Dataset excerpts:

※

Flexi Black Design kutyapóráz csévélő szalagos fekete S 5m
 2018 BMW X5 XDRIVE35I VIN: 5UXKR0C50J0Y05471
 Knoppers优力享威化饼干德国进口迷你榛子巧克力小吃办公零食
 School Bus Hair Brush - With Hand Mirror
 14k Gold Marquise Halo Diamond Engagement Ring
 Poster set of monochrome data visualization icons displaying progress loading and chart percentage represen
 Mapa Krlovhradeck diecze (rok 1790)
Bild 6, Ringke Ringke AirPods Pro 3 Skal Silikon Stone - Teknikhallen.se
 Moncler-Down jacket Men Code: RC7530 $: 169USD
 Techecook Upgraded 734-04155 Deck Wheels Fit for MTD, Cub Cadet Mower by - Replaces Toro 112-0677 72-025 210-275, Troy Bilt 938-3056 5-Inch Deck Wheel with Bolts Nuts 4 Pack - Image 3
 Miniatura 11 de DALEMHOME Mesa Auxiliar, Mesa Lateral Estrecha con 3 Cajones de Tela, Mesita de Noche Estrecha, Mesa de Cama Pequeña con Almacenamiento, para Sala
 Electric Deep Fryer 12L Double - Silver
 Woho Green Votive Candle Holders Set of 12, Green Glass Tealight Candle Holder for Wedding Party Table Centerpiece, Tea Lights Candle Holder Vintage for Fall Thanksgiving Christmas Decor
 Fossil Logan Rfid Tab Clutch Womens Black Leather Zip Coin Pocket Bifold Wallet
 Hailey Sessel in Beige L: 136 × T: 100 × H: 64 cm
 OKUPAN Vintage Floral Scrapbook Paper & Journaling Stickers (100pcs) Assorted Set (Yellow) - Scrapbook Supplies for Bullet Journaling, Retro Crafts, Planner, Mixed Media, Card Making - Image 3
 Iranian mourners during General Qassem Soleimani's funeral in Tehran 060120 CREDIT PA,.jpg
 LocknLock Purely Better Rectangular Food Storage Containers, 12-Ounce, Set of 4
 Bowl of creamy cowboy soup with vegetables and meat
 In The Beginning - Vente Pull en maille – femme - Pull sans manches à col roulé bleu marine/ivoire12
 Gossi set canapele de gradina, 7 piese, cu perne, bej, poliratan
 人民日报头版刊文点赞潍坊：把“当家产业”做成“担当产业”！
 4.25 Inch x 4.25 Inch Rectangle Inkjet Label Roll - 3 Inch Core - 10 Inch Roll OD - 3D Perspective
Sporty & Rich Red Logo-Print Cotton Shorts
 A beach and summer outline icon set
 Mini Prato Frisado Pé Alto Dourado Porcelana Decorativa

※

(About this task): For each line above that includes "Vintage", make a copy.

(Answer to this exercise):
 Woho Green Votive Candle Holders Set of 12, Green Glass Tealight Candle Holder for Wedding Party Table Centerpiece, Tea Lights Candle Holder Vintage for Fall Thanksgiving Christmas Decor
 OKUPAN Vintage Floral Scrapbook Paper & Journaling Stickers (100pcs) Assorted Set (Yellow) - Scrapbook Supplies for Bullet Journaling, Retro Crafts, Planner, Mixed Media, Card Making - Image 3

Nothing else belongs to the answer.